Ingest Envoy: The Workspaces NGAS & Metadata Ingestion System

Ingest Envoy is responsible for setup and launch of all types of file ingestion for the Workspaces System. Currently, this includes standard calibration and standard image ingestion.

usage: ingest_envoy [-h] [--calibration CALIBRATION] [--image IMAGE] [--observation OBSERVATION OBSERVATION] [--seci SECI SECI]

Workspaces Ingestion System

options:
  -h, --help            show this help message and exit
  --calibration CALIBRATION
                        run ingestion for a calibration product
  --image IMAGE         run ingestion for an image product
  --observation OBSERVATION OBSERVATION
                        run ingestion for an observation
  --seci SECI SECI      run ingestion for VLASS SECI image products

Ingest Envoy makes use of the existing ingest functionality of the AAT-PPI which simply takes an ingestion manifest as input.
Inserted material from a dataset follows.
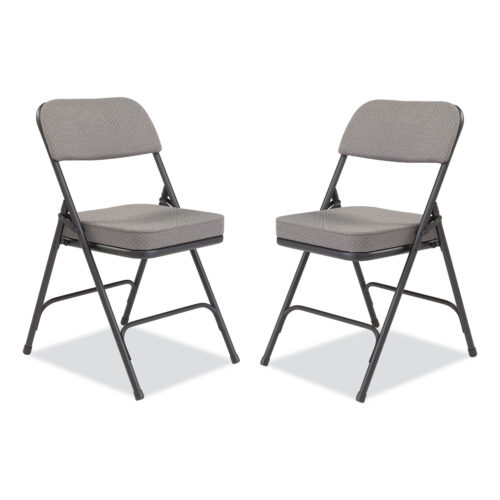 NPS 3200 folding chair is sturdy and easy to fold, thanks to its two-hinge design. It holds up to 300 pounds and has a soft charcoal-gray seat and backrest with thick 2-inch padding for comfort. The black frame is strong, and the chair includes floor protectors to avoid scratches. Perfect for meals, meetings, lounging, or events, these chairs fold flat and come in two per box.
While this is consistent regaurdless of ingestion type, the manifest itself, as well as the ingestion staging requirements differ between the types of files to be ingested. For this reason, Ingest Envoy's functionality can be broken into two underlying parts: Setup and Launch.

Setup

Setup can be further divided into two essential components: Product Staging and Manifest Generation.

Product Staging

Product Staging is the step that collects all ingestable products and places them in the workspaces staging area located at: /lustre/aoc/cluster/pipeline/<capo-profile>/workspaces/staging

This collection is most often performed via a shell script such as the calibration-table-collector.sh for calibration ingestion or the image-product-collector.sh for image ingestion.

In the case of calibration ingestion, the collection script creates a tar file containing all the calibration tables and then creates a new weblog tar file to ensure that only the most recent version is ingested with the tables. Both tar files are then placed in the staging area.

In the case of image ingestion, the collection script copies the image fits files to the staging area along with a new weblog tar file as with calibration ingestion, but it also creates a pipeline artifacts tar file which contains other files produced during a CASA imaging run, such as casa_pipescript.py and the CASA produced PPR file unknown.hifv_contimage.pprequest.xml. There is also an extra metadata file, aux_image_metadata.json, required for image ingestion which must be transferred to the staging area.

Once product staging is done, the envoy is ready to produce the ingestion manifest file.

Manifest Generation

The Ingestion Manifest is essentially the master instruction list for an ingestion request. It contains the names, locations, and types of all products to be ingested into NGAS and the NRAO metadata database for retrieval via the new NRAO Archive.

There are three main sections to an ingestion manifest: Parameters, Input Group, and Output Group. The Parameters section sets parameters such as ingestion path, telescope, and if there is an additional metadata file.

The Input Group section defines the input group association for the files to be ingested. This section contains the input science product that was used to create the file to be ingested. For calibrations, this should be an execution block locator, and for images, this should be the calibration locator.

The Output Group section defines all files related to the main science product being ingested. This section contains the type and file name of the main science product and the type and file name of any associated ancillary products. An ancillary product is anything the is related to the main science product that is worth ingesting, such as weblogs and the pipeline and ingestion artifacts tar files.

After the manifest is properly generated, the manifest and any additional metadata files are tarred up into the ingestion artifacts tar file and both the manifest and the new artifact tar file are placed in the staging area.

Launch

Calibration and Image ingestion are initiated in exactly the same way - by providing the staging area directory name to ingest. Because of this, Ingest Envoy contains a single function for launching the ingest pex which is called by all typed ingestion launchers.

Ingest Envoy has two types of Launcher classes: IngestCalibrationLauncher and IngestImageLauncher. Each typed launcher handles the type specific setup, as described above, and then call the shared ingestion function. Upon ingest's completion, Ingest Envoy checks the return code and logs either a successful or failed ingestion and exits.